* TRY IT
Would you print the data below exactly, leaving out every picture?

* EXTRACTED MATERIAL
>>>

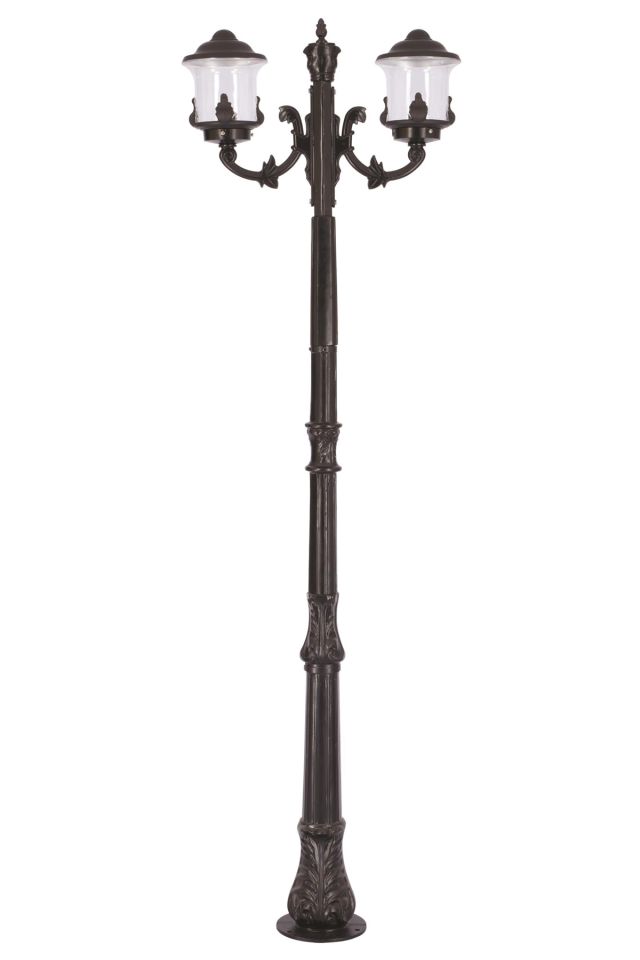 Bahçe Direkleri E27 24W 77cm Alüminyum Siyah Dorbien-BDR-68088-2BSY-M2-OP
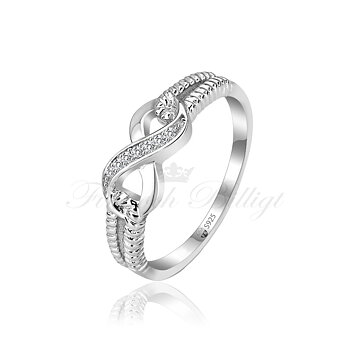 Infinity Heaven - 925s sølvring Infinity Zirconia Stones Hvid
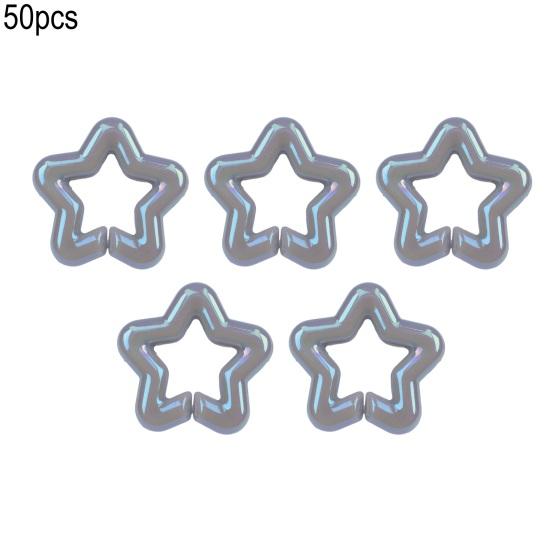 50Pcs Star Link Connectors AB Color Star Shape Linking Rings Quick Linking Rings for Bag Necklace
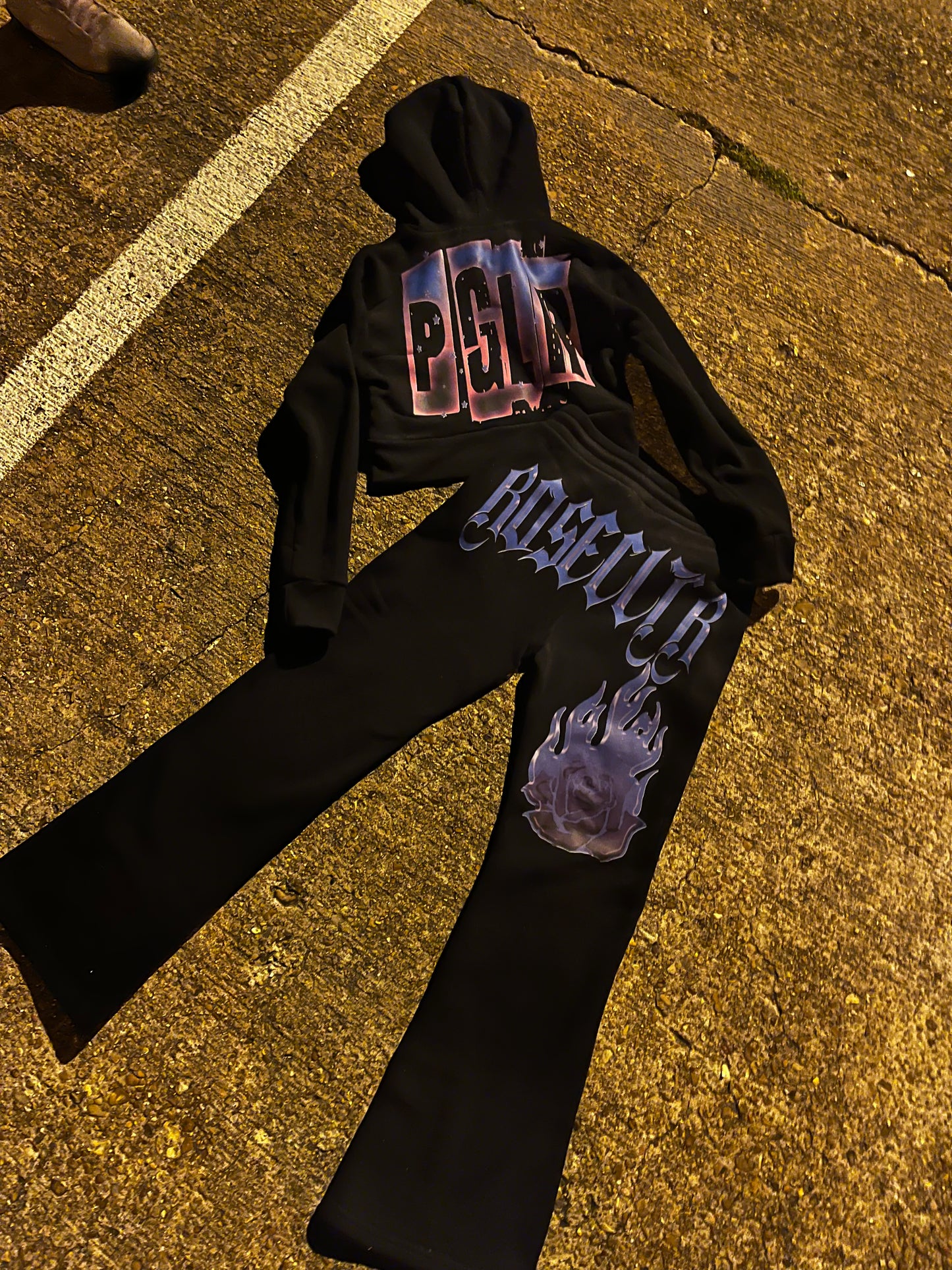 "RoseCLTR PGLR" Fleece Set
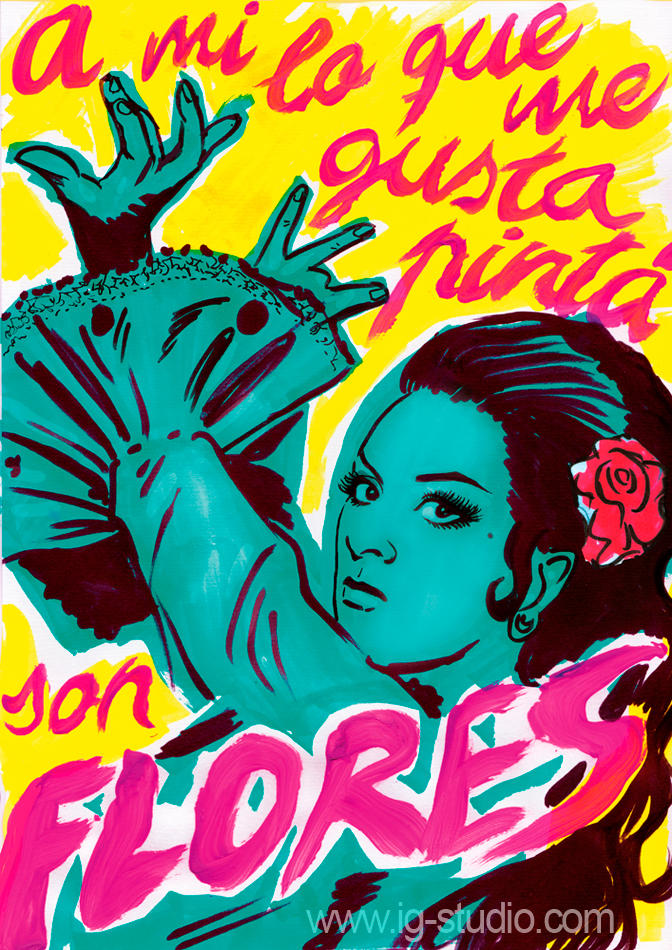 Lola Flores y el arte moderno by soyivang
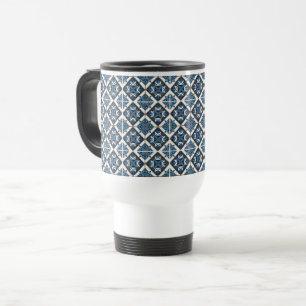 Caneca Térmica Azulejos do Mediterrâneo, Portugal, Azulejo, Majol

<<<

* FINAL ANSWER
 Bahçe Direkleri E27 24W 77cm Alüminyum Siyah Dorbien-BDR-68088-2BSY-M2-OP
 Infinity Heaven - 925s sølvring Infinity Zirconia Stones Hvid
 50Pcs Star Link Connectors AB Color Star Shape Linking Rings Quick Linking Rings for Bag Necklace
 "RoseCLTR PGLR" Fleece Set
 Lola Flores y el arte moderno by soyivang
 Caneca Térmica Azulejos do Mediterrâneo, Portugal, Azulejo, Majol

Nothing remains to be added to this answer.